As 22 groups lined up at the council’s public forum yesterday to speak on water issues, Ms Hobbs said five-minute speaking times were to be strictly enforced, and councillors were not to ask questions of the speakers.

That could be done afterwards, she said.

Cr Hillary Calvert questioned whether standing orders allowed Ms Hobbs to stop councillors from asking clarifying questions of the speakers, as is normal practice.

After checking standing orders, Ms Hobbs said questions had to be asked with the permission of the chairwoman, which she would not give.

‘‘I don’t want this to become a filibustering exercise.’’
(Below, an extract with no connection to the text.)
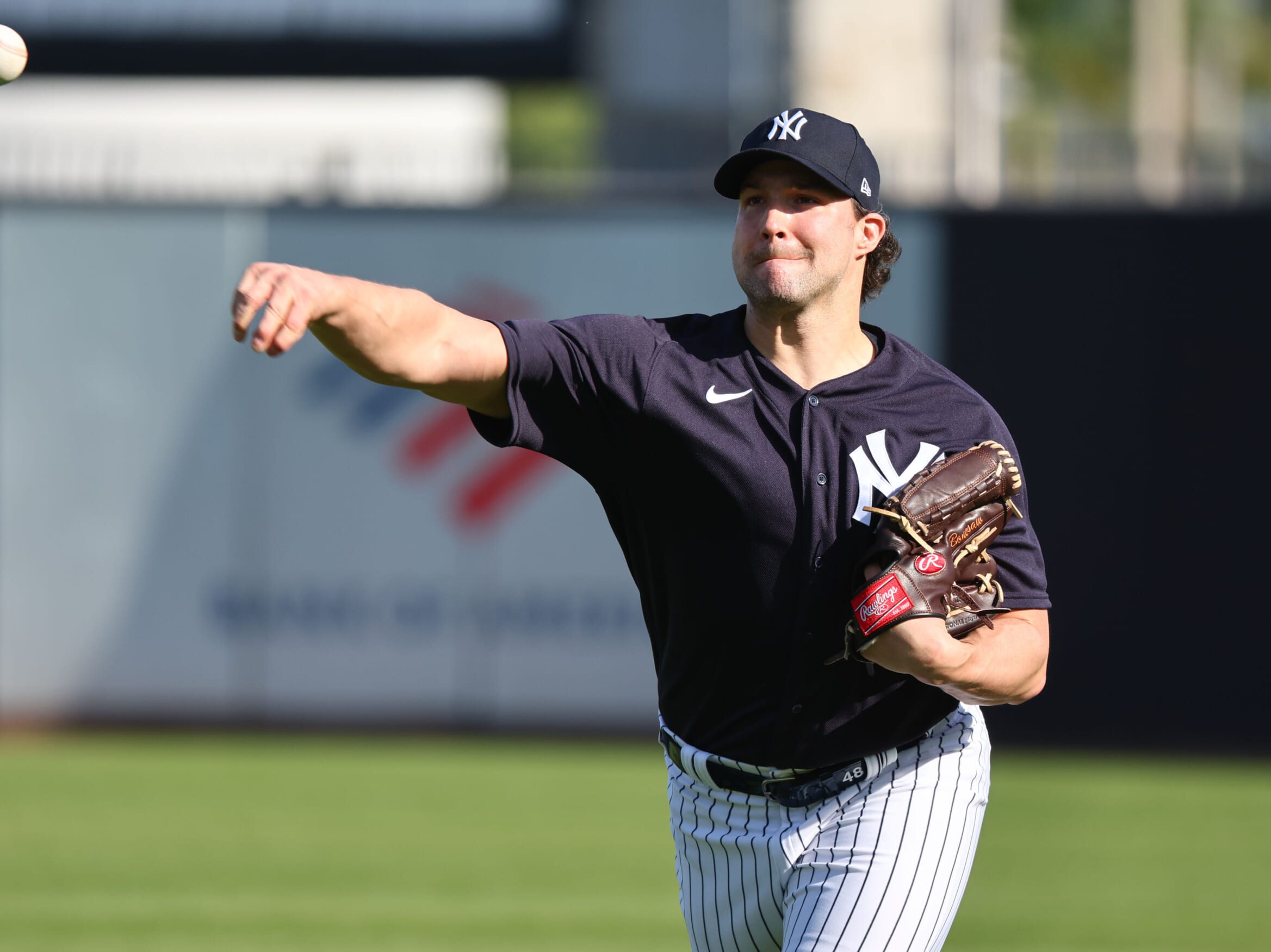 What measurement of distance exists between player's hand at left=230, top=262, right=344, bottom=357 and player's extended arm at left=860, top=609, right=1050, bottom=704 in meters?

Cr Kevin Malcolm questioned how he would do his job properly if he was not able to ask questions.

When his preface ‘‘with respect’’ was interjected with ‘‘there’s no respect’’ by Ms Hobbs, some audience members gasped.

‘‘Yes, I’m tough, people,’’ she said.

This also led to an altercation with Cr Gary Kelliher, who rejected the ruling no questions could be asked.
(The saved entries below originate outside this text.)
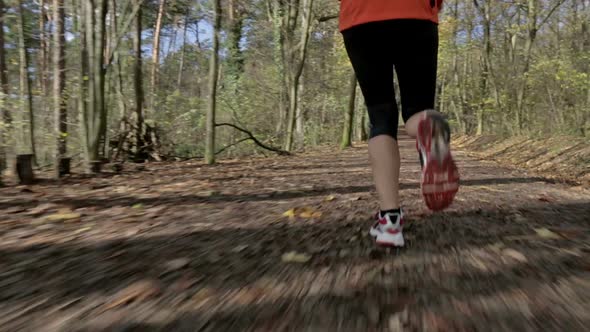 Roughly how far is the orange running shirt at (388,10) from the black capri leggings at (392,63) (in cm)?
3

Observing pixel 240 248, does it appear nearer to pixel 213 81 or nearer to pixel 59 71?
pixel 213 81

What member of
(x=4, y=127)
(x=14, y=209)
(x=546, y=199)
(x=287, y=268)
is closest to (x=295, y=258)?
(x=287, y=268)

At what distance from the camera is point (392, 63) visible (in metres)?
2.48

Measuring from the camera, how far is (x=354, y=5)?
7.81 feet

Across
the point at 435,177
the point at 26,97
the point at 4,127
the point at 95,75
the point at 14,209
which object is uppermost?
the point at 95,75

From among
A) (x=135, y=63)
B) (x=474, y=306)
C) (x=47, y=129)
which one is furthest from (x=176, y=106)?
(x=474, y=306)

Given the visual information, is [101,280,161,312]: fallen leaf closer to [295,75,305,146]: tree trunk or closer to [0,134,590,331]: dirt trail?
[0,134,590,331]: dirt trail

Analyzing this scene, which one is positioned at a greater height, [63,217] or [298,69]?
[298,69]

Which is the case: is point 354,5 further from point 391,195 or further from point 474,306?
point 474,306

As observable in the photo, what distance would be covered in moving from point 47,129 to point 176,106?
14.3 feet

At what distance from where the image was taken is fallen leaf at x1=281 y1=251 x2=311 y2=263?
6.98 feet

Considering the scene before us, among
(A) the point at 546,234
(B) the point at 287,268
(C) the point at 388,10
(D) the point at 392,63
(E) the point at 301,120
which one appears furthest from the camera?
(E) the point at 301,120

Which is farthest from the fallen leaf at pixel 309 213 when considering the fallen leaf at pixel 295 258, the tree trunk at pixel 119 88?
the tree trunk at pixel 119 88

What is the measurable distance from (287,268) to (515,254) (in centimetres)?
114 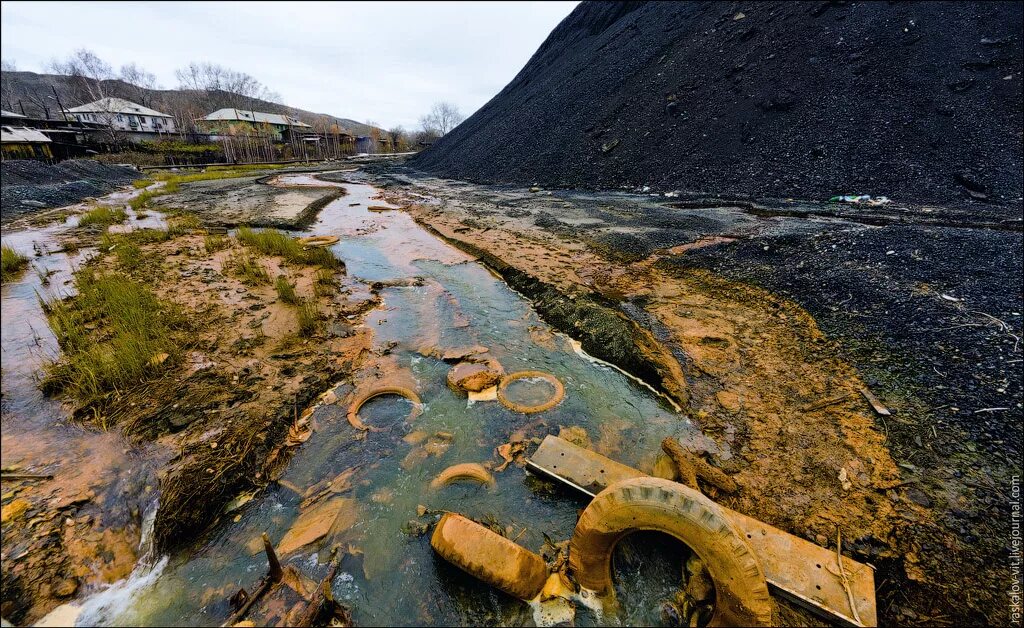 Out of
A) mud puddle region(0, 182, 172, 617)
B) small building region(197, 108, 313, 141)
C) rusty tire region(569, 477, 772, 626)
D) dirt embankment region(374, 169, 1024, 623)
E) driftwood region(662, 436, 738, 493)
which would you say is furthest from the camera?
small building region(197, 108, 313, 141)

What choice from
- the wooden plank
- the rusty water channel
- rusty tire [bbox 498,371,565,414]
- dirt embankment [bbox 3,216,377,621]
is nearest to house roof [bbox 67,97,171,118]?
dirt embankment [bbox 3,216,377,621]

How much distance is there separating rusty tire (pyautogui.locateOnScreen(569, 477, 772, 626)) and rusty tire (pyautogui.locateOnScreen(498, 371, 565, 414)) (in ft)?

After the meeting he said he was disappointed in Ms Hobbs for the decision.

‘‘The fact that those people travelled for hours, it’s not the norm. To me that’s not community engagement.

‘‘It caught me by surprise. In my view it was too regimented.’’
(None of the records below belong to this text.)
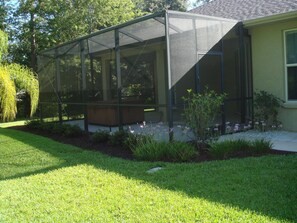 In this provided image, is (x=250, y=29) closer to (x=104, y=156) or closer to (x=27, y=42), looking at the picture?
(x=104, y=156)

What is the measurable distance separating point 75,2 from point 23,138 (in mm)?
11431

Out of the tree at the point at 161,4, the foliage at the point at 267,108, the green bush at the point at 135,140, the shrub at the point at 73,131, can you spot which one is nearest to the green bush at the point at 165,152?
the green bush at the point at 135,140

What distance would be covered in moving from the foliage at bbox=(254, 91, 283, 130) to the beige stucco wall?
0.60 feet

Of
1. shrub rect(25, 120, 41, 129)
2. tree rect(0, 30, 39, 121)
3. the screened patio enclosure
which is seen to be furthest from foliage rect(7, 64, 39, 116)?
the screened patio enclosure

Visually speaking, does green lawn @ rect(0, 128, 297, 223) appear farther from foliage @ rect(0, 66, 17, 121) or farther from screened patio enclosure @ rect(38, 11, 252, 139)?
foliage @ rect(0, 66, 17, 121)

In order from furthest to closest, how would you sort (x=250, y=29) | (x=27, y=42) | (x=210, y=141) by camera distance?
1. (x=27, y=42)
2. (x=250, y=29)
3. (x=210, y=141)

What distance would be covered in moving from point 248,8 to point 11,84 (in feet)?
28.4

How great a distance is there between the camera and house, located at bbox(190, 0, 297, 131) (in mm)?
8867

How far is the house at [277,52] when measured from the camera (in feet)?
29.1

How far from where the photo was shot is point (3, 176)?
6012mm

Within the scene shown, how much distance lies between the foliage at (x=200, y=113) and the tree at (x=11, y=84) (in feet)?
23.9

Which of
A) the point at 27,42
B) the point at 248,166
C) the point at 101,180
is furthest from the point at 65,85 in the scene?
the point at 27,42

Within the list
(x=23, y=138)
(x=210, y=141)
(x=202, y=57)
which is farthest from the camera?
(x=23, y=138)

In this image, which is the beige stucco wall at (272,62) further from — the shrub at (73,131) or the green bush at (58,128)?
the green bush at (58,128) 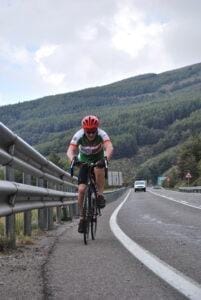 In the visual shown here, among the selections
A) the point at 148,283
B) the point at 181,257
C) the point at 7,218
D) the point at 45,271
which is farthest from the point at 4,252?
the point at 148,283

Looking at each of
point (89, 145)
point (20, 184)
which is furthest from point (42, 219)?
point (20, 184)

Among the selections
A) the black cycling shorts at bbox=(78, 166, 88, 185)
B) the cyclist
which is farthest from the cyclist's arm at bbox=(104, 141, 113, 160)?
the black cycling shorts at bbox=(78, 166, 88, 185)

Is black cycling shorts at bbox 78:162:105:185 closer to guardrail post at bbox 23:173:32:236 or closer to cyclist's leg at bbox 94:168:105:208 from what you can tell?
cyclist's leg at bbox 94:168:105:208

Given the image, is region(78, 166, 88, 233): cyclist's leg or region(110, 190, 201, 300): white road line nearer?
region(110, 190, 201, 300): white road line

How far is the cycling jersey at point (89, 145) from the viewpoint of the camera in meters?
8.82

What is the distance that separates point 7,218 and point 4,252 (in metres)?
0.54

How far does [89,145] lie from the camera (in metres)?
8.89

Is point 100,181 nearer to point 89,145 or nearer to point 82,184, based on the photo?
point 82,184

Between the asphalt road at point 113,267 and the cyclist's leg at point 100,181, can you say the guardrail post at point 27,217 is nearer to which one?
the asphalt road at point 113,267

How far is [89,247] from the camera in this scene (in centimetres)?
761

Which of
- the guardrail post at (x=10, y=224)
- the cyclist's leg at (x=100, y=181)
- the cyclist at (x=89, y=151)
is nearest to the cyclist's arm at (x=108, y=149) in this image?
the cyclist at (x=89, y=151)

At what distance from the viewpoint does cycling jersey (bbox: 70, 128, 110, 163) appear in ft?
28.9

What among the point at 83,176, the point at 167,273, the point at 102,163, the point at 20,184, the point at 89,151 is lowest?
the point at 167,273

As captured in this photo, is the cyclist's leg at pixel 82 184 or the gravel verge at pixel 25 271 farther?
the cyclist's leg at pixel 82 184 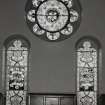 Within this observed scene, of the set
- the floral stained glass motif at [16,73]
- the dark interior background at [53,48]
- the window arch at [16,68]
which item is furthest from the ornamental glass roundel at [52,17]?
the floral stained glass motif at [16,73]

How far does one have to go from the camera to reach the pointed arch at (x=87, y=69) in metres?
8.09

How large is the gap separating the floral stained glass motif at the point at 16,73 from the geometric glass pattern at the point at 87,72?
56.9 inches

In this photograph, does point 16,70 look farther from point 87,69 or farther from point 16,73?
point 87,69

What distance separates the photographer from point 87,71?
8219mm

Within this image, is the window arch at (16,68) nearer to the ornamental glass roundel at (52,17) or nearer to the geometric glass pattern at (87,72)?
the ornamental glass roundel at (52,17)

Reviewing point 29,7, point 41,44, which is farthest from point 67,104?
point 29,7

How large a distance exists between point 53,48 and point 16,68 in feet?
3.76

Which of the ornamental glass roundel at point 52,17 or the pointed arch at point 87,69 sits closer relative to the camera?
the pointed arch at point 87,69

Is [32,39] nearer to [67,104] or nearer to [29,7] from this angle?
[29,7]

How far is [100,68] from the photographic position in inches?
318

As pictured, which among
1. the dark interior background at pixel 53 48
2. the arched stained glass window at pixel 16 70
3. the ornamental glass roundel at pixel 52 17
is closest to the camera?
the dark interior background at pixel 53 48

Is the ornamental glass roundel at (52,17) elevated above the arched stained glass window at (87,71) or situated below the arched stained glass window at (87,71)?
above

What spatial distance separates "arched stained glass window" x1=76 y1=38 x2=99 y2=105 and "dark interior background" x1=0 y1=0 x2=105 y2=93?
0.20 metres

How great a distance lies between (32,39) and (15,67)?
891mm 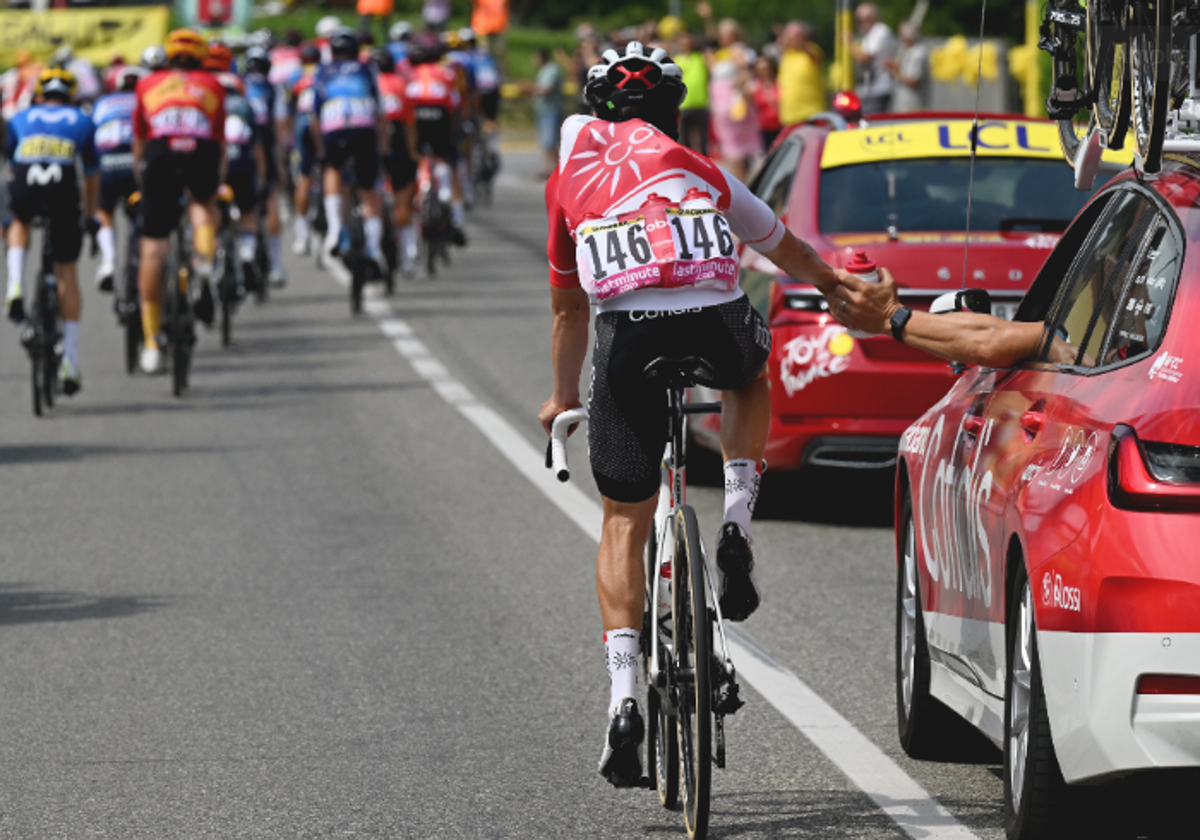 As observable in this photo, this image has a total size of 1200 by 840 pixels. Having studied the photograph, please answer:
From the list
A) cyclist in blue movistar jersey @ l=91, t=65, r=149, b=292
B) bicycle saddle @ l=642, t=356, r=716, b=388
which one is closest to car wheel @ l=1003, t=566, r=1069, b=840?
bicycle saddle @ l=642, t=356, r=716, b=388

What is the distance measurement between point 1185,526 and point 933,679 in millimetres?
1733

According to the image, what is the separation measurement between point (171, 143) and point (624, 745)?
1060 cm

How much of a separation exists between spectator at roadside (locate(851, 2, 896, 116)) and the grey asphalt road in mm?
12623

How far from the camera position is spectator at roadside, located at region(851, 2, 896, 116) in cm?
2709

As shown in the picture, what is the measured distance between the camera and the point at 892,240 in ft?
34.0

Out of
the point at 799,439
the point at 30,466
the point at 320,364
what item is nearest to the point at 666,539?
the point at 799,439

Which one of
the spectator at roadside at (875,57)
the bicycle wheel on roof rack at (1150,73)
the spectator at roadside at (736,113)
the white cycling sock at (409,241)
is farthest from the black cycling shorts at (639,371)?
the spectator at roadside at (736,113)

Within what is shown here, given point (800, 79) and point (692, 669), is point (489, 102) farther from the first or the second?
point (692, 669)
There was also a lack of communication, as some speakers thought they had 10 minutes, rather than five, to speak, he said.

Ms Hobbs said later she needed to get through many people in two hours.

The closed workshop in the afternoon was the time for debate and there was plenty of it, she said.

‘‘I am very bossy in the chair, but when I need to be.

‘‘I want us to make decisions and make them intelligently.’’

jono.edwards@odt.co.nz

Comments

That is exactly how a chairperson should act. She's had years of experience with politicians and attempts at filibustering.

I see no virtue in being ‘bossy’ or ‘tough’ when chairing a public meeting. Good, inclusive democratic decision-making takes time and patience and is not something to merely be ‘got through’. Contrast concern about apathy regarding local government and only about 40% voter turnout in local body elections and Local Government NZ usefully ( for once IMO) promoting ‘localism’ with Standing Orders which give a meeting Chair unilateral power to shut people up, both members of the public wanting to speak and elected reps wanting clarification. Standing Orders are inconsistent here, regarding their own democratic first principles and the fact that it is the MEETING, not the Chair, which can decide whether public forum can be extended past the standard 30 minutes, which allows a mere six speakers 5 minutes each. It makes no sense that greater public interest results in less time to speak. It should be the reverse. Standing Orders need to be amended to remove such a dictatorial power of the Chair. ORC updated theirs last November but missed this anomaly. Maybe DCC won’t when updating theirs. And, like ORC, make Agendas available five days before meetings instead of just two.